While “Hideaway” is indeed a ’90s throwback, “The Love” gives it a run for the money. The difference between the two is this: the latter is more of a tribute to the decade as a while, and “The Love” sounds like it was lifted directly from German-American Eurodance group La Bouche‘s recording studio — and we mean that, of course, in the best way possible. Another close contender to “The Love” is the LP’s second UK single, “Giant In My Heart.” Like the greats that came before her (Haddaway, Robin S. and Crystal Waters), Kiesza takes the theme of pain, heartbreak and loneliness and places it along a lush bed of ’90s house beats. The classic combination makes for a song that you would not be afraid to belt out every word to while grooving on the dance floor.
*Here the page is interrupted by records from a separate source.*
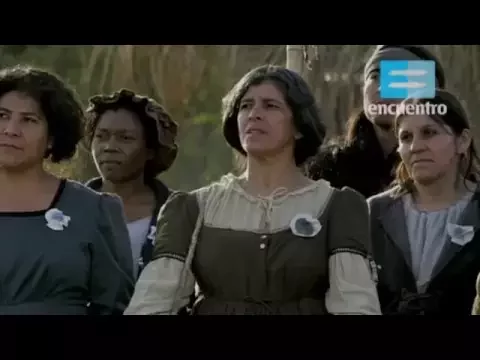 Sabu00edas que: Du00eda de la Escarapela - Canal Encuentro HD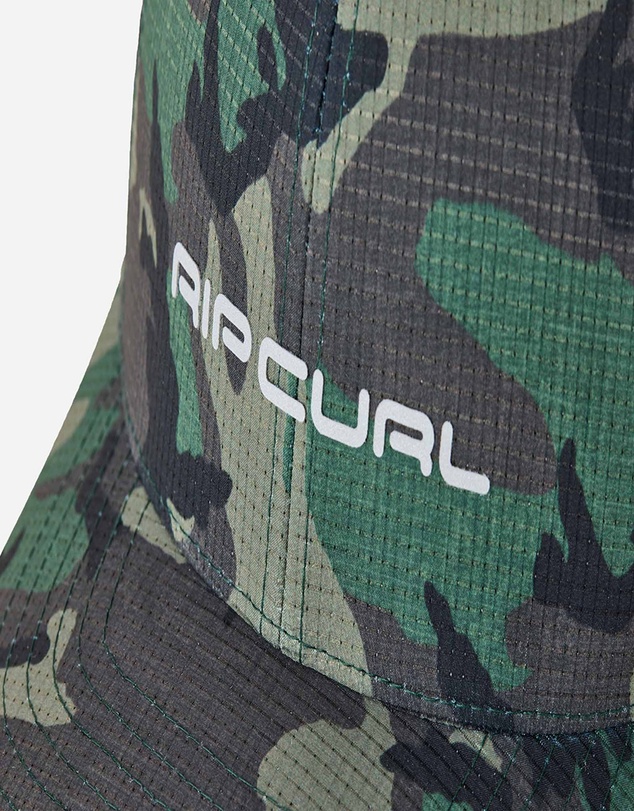 Rip Curl - Vaporcool Aerotech Flexfit Cap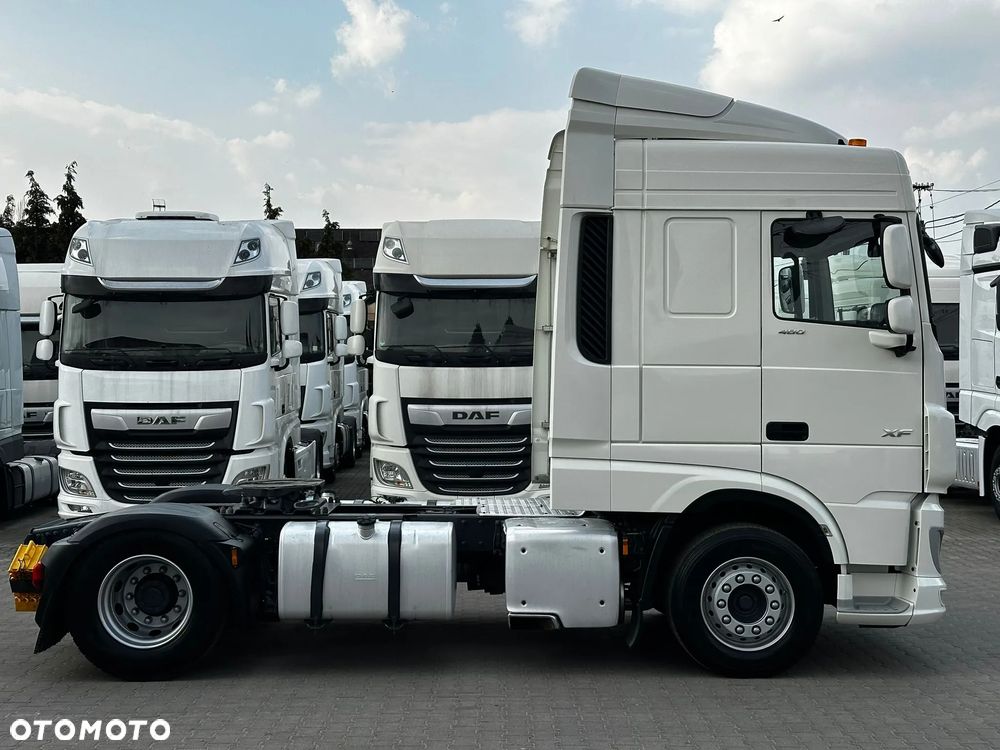 DAF XF 106.480 / SC /  E6 / STANDARD / RETARDER / SPROWADZONY / DUŻY WYBÓR - 5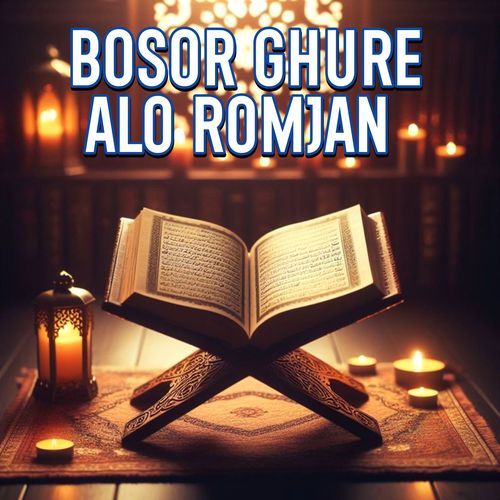 Bosor Ghure Alo Romjan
Once EDM was introduced to us en masse, it seemed like that ear-draining techno beat would never escape. Thanks to modern producers like Avicii, Calvin Harris, Swedish House Mafia, Afrojack and will.i.am (ugh), the techno craze seeped through all genres of music. To be honest, it was getting extremely redundant and boring almost at the onset, so much so, that a new wave of artists (Disclosure, Duke Dumont, Gorgon City, Clean Bandit, etc.) have looked to the beloved era of ’90s house to get dance music re-energized. There’s no question that among the bunch, Kiesza has been a dominating force that should help influence others to shed the robotic nature of EDM and return to emotion- and vocal-filled house music.
Best Song That Wasn’t The Single: “Losin’ My Mind,” arguably the sultriest tune off the album. It shows Kiesza in a different light, as she digs into the subtle erotic grooves made famous by acts like Madonna and Janet Jackson during their heydays.
Best Listened To When: You’re getting ready for a night on the town with your best guy or girl friends, having zero cares in the world and want the perfect soundtrack that feeds your ’90s nostalgia.